When GAs are applied in this way--i.e. generating a goal state directly, with
a known goal state to which they are compared directly, generating a fitness
value that is nothing more than progress towards the goal state--then the GA
is no longer a GA. It becomes not much more than an inefficient hill climbing
with a smattering of random walk thrown in.

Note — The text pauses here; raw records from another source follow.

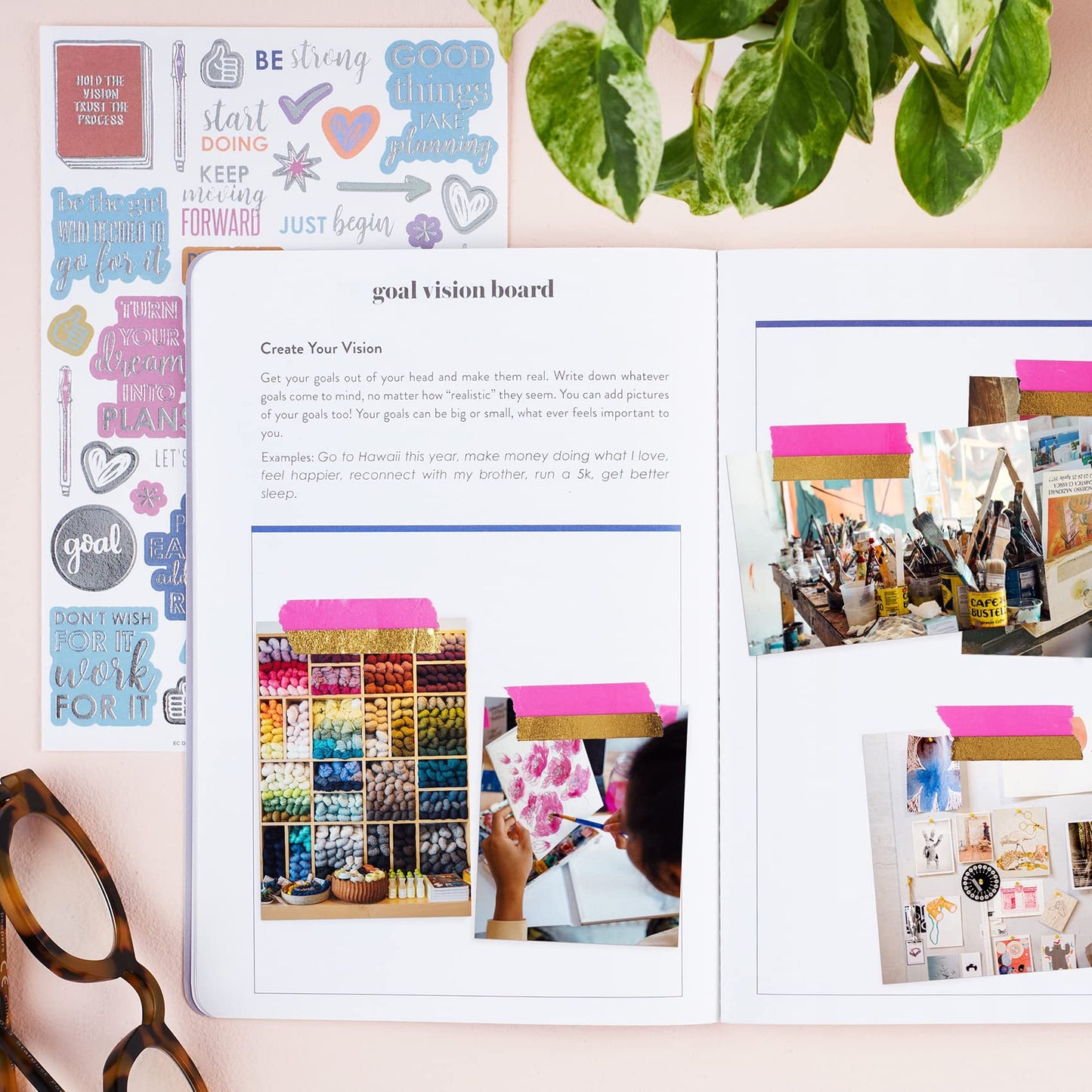 Erin Condren Designer Petite Planner - Goal Setting Journal Editions with Illustrative, Functional, Cute Sticker Pack that Includes Inspirational Quotes for Customization (Goal Setting 2)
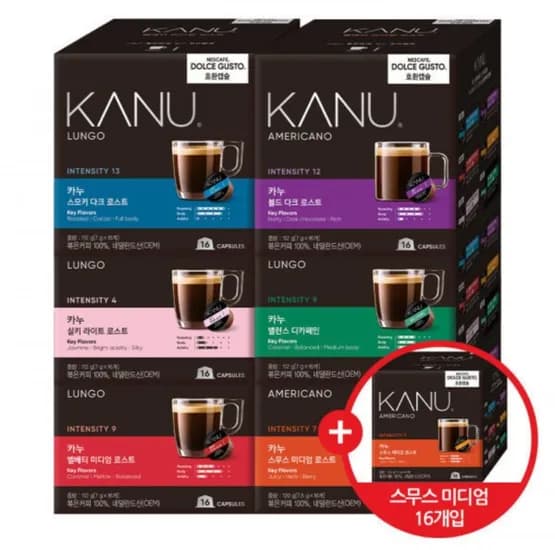 카누 캡슐커피 돌체구스토 호환 캡슐 6종 48개입 골라담기 +스무스미디엄 16개입 (유클 21,70원/무료)5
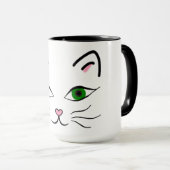 15オズ。コンボマグカップ – 子猫顔 マグカップ (正面右)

These sorts of problems get used in demonstrations because they are simple to
understand. We get to spend more effort on the mechanics of annealing,
breeding, running generations, etc, without having to spend significant effort
on the fitness function. But the fitness function is where most of the real
work of applying GA to novel problems actually lies (after figuring out how to
model solutions as genes without a linear dependency between alleles). It's
also a fundamental component of neural networks (the ability to evaluate not
just whether a solution is right or wrong, but to give a value for how much
right or wrong). So personally, I find such demos to be woefully incomplete.

------
tempodox
Man, that english is bad. Proofreading was obviously skipped. Reading the
outcome is no fun. Also, I can't find no screenshot with no zoom icon.